121 Charles Street in 1967. Source: Landmarks Preservation Commission.

The property and the house originally belonged to the Archdiocese of New York, who in 1965 were planning to demolish it and surrounding properties (then known as Cobble Court for the cobblestones that lined this and adjoining property) for the new planned Mary Manning Walsh Home for the Aged.  When the Bernhards gained ownership of the property, they were given six months to move it from its York Avenue location.  William Shopsin, a young architect interested in preserving historic buildings, was hired to find a new site that would preserve the house’s charm. He found the Charles and Greenwich Street lot on February 3rd (the first of two extensions the Bernhards received to move the house). The lot’s unusual shape was also able to accommodate the 26-foot-wide house, which would have trouble fitting on the standard 25-foot-wide Manhattan lot.

Image courtesy of Scholastic.

Before moving, Shopsin needed permission from numerous city agencies, including the Department of Buildings (DOB), which had no record of the building due to its age (its construction predated DOB’s formation in 1866). To further complicate matters, wooden houses had been outlawed in Manhattan; so while the house was grandfathered on the York Avenue site, it would not meet contemporary code requirements in another location. When the story caught the interest of Manhattan Borough President Percy Sutton and Mayor John Lindsay, their influence helped get the approvals needed to move the house.

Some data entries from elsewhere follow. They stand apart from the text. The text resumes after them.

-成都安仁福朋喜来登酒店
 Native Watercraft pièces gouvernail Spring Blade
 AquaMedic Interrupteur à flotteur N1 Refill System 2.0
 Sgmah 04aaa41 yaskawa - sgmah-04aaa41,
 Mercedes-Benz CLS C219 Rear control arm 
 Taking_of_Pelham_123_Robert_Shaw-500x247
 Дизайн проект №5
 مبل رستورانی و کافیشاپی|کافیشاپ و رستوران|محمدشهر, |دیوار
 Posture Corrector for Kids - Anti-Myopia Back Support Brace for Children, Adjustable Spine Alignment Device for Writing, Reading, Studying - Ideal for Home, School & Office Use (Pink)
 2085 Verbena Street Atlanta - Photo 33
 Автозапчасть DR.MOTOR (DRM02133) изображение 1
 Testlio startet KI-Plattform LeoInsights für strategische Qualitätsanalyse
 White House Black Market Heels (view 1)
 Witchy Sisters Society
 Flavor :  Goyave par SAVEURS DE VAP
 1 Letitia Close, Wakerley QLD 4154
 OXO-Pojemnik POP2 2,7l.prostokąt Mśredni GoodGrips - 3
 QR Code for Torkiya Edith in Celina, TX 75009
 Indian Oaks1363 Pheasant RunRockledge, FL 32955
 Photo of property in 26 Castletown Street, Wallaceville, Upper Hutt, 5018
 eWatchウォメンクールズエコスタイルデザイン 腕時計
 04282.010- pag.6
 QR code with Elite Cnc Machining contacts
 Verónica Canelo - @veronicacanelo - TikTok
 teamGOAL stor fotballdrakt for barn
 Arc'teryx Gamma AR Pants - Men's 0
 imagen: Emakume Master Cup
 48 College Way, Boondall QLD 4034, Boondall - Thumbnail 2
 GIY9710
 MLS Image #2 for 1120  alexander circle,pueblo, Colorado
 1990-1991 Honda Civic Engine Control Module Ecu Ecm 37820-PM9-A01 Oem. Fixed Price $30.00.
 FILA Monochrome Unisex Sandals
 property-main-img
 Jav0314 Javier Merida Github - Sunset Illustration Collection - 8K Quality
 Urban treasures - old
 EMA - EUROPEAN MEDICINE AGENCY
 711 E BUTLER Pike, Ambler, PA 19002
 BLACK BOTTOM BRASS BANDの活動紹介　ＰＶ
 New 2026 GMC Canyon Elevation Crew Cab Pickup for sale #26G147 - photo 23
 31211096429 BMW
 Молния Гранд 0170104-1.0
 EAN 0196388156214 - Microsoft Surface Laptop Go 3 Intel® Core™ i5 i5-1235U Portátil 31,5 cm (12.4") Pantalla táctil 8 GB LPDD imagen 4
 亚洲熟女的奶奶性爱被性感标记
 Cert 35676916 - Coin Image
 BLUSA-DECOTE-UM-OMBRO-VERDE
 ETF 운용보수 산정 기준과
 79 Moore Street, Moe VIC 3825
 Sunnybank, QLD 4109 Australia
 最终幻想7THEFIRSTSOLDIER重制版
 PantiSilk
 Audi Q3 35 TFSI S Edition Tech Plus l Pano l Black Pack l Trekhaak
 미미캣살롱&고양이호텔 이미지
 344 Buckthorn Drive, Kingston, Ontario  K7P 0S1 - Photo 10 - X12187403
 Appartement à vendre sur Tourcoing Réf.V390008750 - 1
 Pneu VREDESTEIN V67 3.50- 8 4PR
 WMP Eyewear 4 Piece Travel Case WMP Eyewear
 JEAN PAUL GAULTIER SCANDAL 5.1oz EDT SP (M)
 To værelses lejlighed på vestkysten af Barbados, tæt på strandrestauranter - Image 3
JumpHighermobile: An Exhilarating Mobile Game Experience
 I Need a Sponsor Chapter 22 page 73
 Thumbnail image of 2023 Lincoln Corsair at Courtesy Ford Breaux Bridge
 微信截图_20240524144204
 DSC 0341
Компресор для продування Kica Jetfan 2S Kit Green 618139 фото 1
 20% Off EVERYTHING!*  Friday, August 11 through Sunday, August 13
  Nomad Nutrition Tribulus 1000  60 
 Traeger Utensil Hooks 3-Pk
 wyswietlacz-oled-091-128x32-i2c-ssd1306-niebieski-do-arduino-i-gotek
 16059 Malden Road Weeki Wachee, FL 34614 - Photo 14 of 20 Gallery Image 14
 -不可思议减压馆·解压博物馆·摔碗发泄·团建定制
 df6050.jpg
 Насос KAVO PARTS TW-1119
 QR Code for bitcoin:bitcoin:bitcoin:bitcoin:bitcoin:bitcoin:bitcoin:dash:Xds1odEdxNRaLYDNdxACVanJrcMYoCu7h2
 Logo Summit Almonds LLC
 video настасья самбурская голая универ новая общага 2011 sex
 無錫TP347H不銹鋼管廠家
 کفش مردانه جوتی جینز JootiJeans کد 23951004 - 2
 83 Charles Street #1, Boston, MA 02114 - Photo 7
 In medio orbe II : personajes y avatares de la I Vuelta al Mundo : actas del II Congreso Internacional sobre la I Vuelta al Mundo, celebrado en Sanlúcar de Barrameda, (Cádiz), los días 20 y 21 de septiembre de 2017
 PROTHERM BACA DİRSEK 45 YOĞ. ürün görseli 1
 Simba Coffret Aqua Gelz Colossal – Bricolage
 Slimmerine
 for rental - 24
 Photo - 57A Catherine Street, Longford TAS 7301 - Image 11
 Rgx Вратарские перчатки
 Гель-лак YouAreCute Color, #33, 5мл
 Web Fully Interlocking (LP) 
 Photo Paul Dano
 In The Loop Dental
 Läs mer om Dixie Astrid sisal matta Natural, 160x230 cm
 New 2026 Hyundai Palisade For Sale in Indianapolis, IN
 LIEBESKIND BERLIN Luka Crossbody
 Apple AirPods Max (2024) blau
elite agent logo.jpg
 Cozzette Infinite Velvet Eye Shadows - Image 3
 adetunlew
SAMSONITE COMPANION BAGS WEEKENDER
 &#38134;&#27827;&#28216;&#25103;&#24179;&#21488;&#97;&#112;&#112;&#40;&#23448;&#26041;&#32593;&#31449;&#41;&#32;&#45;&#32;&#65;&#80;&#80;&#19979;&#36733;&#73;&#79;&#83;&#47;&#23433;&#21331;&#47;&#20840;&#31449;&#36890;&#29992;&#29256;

On March 5, 1967, the house was finally moved from York Avenue to Charles Street, where it has remained ever since.  In a prior blog post, we mapped out what this journey looked like, the streets the house traversed, and public reactions.  While moving a house from the UES to the West Village may not be quite a moonshot, but there were still extraordinary logistical difficulties involved in such a feat.